Aus welcher Quelle stammt ihr Wissen über die NATO-Pläne?

Wir haben keine Spione der Friedensbewegung plaziert. Einiges wissen wir, weil wir aufmerksam das Material der Bundeswehr lesen. Anderes haben wir aus kleinen, spärlichen Meldungen, mitunter in Lokalzeitungen. Die Presse wertet kaum Bundeswehrdokumente aus. Die VVN-BdA empfiehlt dazu aber eine eigene Broschüre mit dem Titel: »Mordbefehl vom Niederrhein.Kriegsführung des 21. Jahrhunderts – von Kalkar aus gesteuert«.

Vom zwölften bis zum 23. Mai übte die Bundeswehr von Kalkar aus ganz praktisch. Die Übung hieß JAWREX 2014, ein Kürzel aus dem Englischen, das soviel wie Vereinte taktische Luftkriegsübung bedeutet …

Die Kriege der Zukunft sind solche in der Luft, ob mit oder ohne Piloten an Bord. Über 4000 Soldaten und Offiziere mit 100 Flugzeugen nahmen an der Übung teil. Ihr Einsatzgebiet: Mecklenburg-Vorpommern, nur wenige hundert Kilometer von der Ukraine entfernt. Hinzu kamen noch die rund 800 »Experten«, die von der Leitstelle in Kalkar/Uedem am Niederrhein aus die Übung kommandierten. Die Amerikaner haben den Hut auf, NATO und Bundeswehr machen mit.
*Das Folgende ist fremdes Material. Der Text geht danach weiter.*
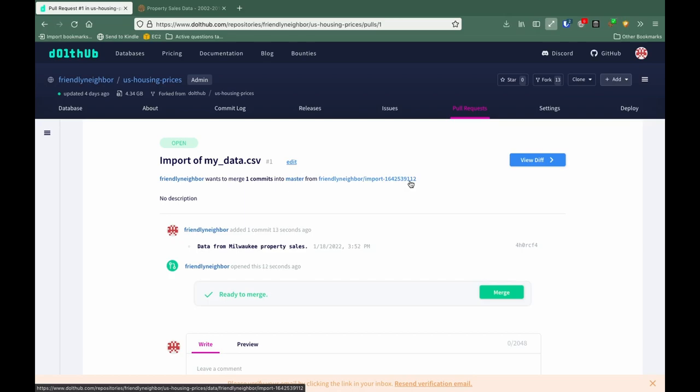So while we could merge this pull request with our master branch, what we want to do is make a pull request to the DoltHub master branch. Let's go back to the bounties page.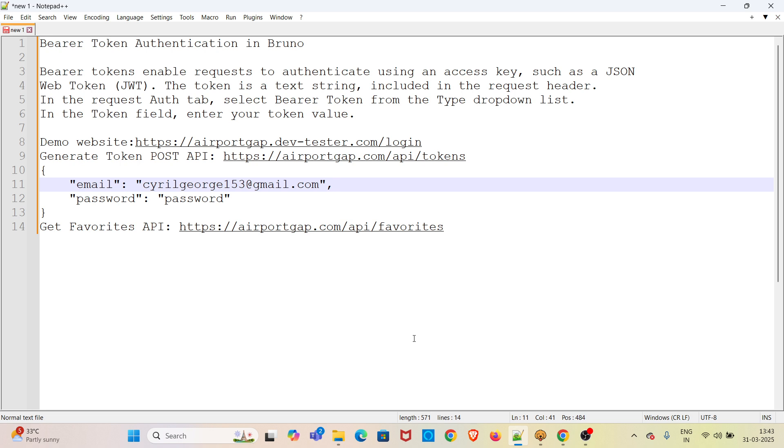Hi all, welcome to my YouTube channel, The Testing Instinct. In this video, I will be discussing bearer token authentication in Bruno. Bearer tokens enable requests to authenticate using an access key, such as a JSON web token.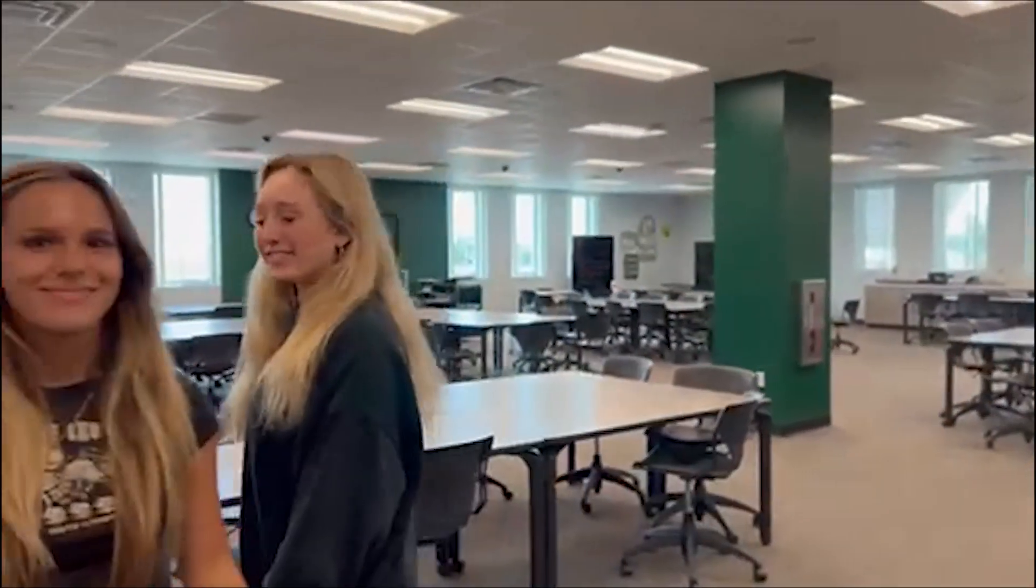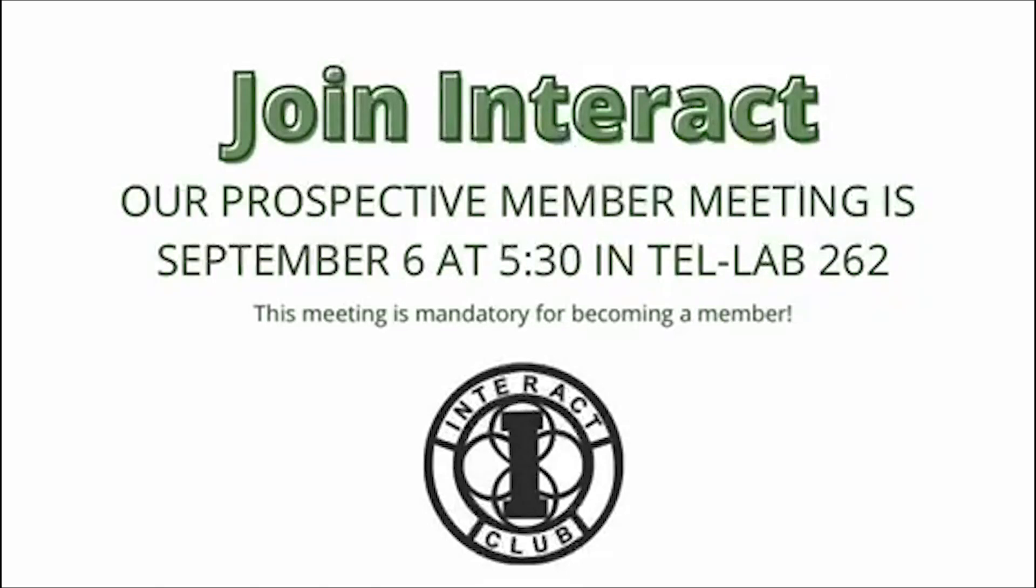Interact is a community-based service club associated with Rotary. We help the community build friendships and have fun socials. Every meeting is on Tuesday at 5:30 p.m. in Tellab 262. We want you to join Interact. Make sure you bring a signed club approval form to the Interact prospective member meeting on Tuesday, September 6th to participate. Pick up a form outside Room 4-356.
Wie schätzen Sie die Gefahr eines Krieges gegen Rußland ein?

Die VVN-BdA beunruhigt insbesondere, daß in der Ukraine Faschisten an der Regierung sind, denen die NATO Einfluß gewährt.

Sind Bundeskanzlerin Angela Merkel (CDU) und Außenminister Frank-Walter Steinmeier (SPD) Kriegstreiber oder von der NATO Getriebene?
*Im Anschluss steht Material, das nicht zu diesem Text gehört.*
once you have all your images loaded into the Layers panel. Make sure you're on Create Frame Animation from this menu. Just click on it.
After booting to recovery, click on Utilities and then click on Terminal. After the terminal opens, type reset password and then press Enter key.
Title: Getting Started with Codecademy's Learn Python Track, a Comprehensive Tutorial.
Beides. Die Zeiten, als Merkel und Steinmeier sich besorgt über ­NATO-Generalsekretär Anders Fogh Rasmussens wahnsinnige Rhetorik äußerten, sind vorbei. Seit dem ­NATO-Gipfel sind sie auf seinen Kurs eingeschwenkt. Leuchtet irgendwo aus der Ukraine und Rußland ein kleines Zeichen der Entspannung auf, mahnt sofort die NATO, den kalten Krieg fortzusetzen. Sie stört bei jeder möglichen Verhandlungslösung zwischen Kiew und Moskau.

Was fordert die Friedensbewegung konkret am 3. Oktober in Kalkar?

Wir fordern, das dortige NATO-Luftwaffenhauptquartier zu schließen, am Standort ein Konversionsprogramm einzurichten, weder Kampfdrohnen noch Ersatz dafür anzuschaffen – und atomare Aufrüstung zu stoppen. An die Friedensfreunde haben wir ein Anliegen: Kalkar ist abgelegen. Wer sich an unserem Protest beteiligen will, sollte Fahrgemeinschaften bilden. Daß Gewerkschaften Busse organisieren, ist leider Zukunftsmusik: Die Dienstleistungsgewerkschaft ver.di hat Zivilangestellte der Bundeswehr in ihren Reihen, die ihr Veto einlegen. Die IG Metall nimmt Rücksicht auf Mitarbeiter der Rüstungsindustrie.